NS-Architektur im Waldviertel

"Architekturen des Nationalsozialismus" heißt ein großer Foto-Textband der Künstlerin Maria Theresia Litschauer. Es geht darin nicht um die Monumentalbauten, die man sich landläufig unter "Naziarchitektur" vorstellt. Sondern Litschauer zoomt auf das gesamte Baugeschehen in einer ländlichen Region: Dem Waldviertel, wo sie selbst aufgewachsen ist. Das Buch wurde gestern an der Wiener Akademie der Bildenden Künste in einer Podiumsdiskussion vorgestellt, unter anderem mit dem Zeithistoriker Oliver Rathkolb.

Morgenjournal, 23.10.2012

Der Band "Architekturen des Nationalsozialismus" von Maria Theresia Litschauer ist drei Kilo schwer und das Ergebnis jahrelanger Arbeit. Denn man glaubt gar nicht, wie viele altvertraute, unspektakuläre Bauten aus der Nazizeit stammen - auch im Waldviertel.

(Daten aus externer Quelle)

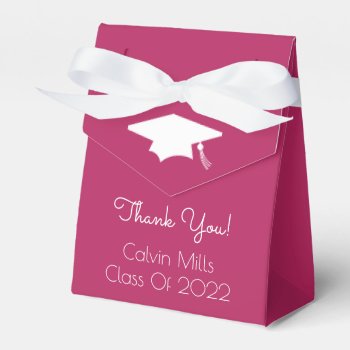 Class Of 2022 Graduation Favor Boxes (magenta) by WindyCityStationery at Zazzle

Da gibt es diese gewissen Wohnsiedlungen - 2- oder 3geschoßige, längliche 08/15-Häuser, hintereinander an der Straßenfront aufgereiht. Gesprosste Fenster, schmucklose Giebeldächer. Nur leicht miefig-triste Ausstrahlung, ansonsten unscheinbar.

Oder das Gleiche in kleinklein - Doppelhäuschen mit Steildach und Holzfensterläden auf Grünparzellen. Bei solchen Objekten tippen viele auf die 1930er oder 1950er Jahre. Man ist nicht gewohnt, sie der Nazizeit zuzuordnen. Tatsache ist aber, dass sie nach genau vorgegebenen Konstruktionsplänen aus Berlin errichtet wurden, erklärt Maria Theresia Litschauer.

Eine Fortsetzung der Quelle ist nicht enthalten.